Family members of infected people are not being put on preventive therapy. Infected adults are sharing rooms in crowded Nairobi tenements, and infected children are sleeping four to a bed with their siblings. Parents who took their sick children to get tested the day before Mr. Trump was inaugurated are still waiting to hear if their children have tuberculosis. And people who have the near-totally drug-resistant form of tuberculosis are not being treated.

In the West, we often think of tuberculosis as a disease of the past, akin to the Black Death or smallpox (or, until the recent outbreak in Texas and New Mexico, measles). We remember it as “consumption,” that pesky disease that tends to afflict characters in Dickens or Tolstoy novels and kills them, slowly but surely, after they begin coughing up blood. As a result, it’s easy to forget that TB still exists. But in his new book, Everything Is Tuberculosis: The History and Persistence of Our Deadliest Infection, John Green—the YouTuber, podcaster, philanthropist, and acclaimed author of young adult fiction books including The Fault in Our Stars—reminds us that tuberculosis, the bacterial infection that has claimed the lives of as many as 1 in 7 human beings who ever lived, is still very much with us today. 

Tuberculosis has always been a challenge to humanity, but as Green notes, what’s different now is that “tuberculosis is curable, and has been since the mid-1950s.” Indeed, because of remarkable medical advances in the 20th century, “[w]e know how to live in a world without tuberculosis.

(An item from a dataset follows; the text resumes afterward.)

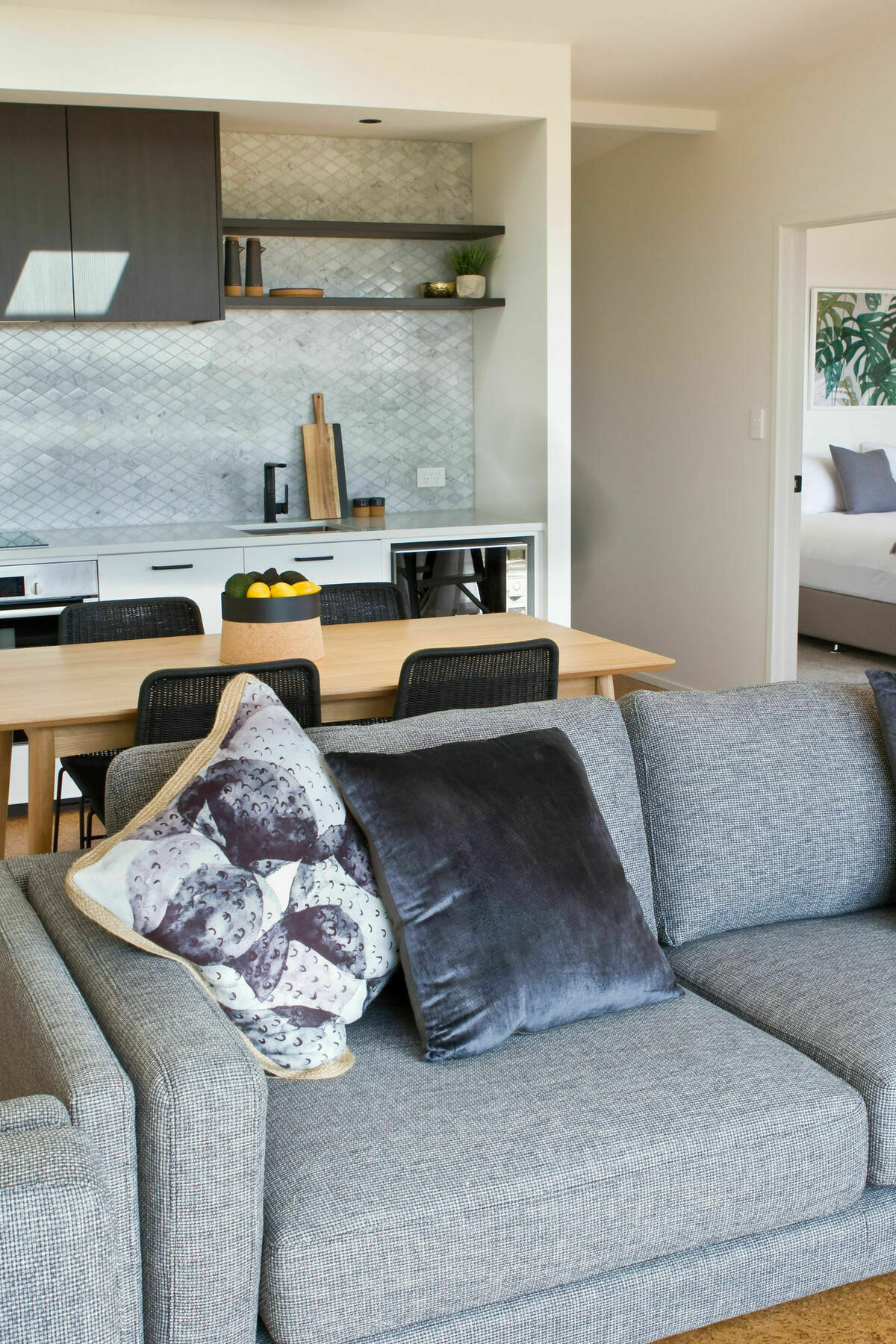 Onetangi Villas Waiheke מראה חיצוני תמונה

But we choose not to live in that world.” In the United States and other developed countries, we sort of do live in that world: While there were nearly 10,000 cases of tuberculosis in the U.S. in 2023 (a distressing increase of 8.3 percent over 2019 levels), the vast majority of TB cases—Green reports that more than 2 billion people worldwide are currently infected with the bacterial disease (though in most cases the infection remains forever dormant)—occurred in low- and middle-income countries.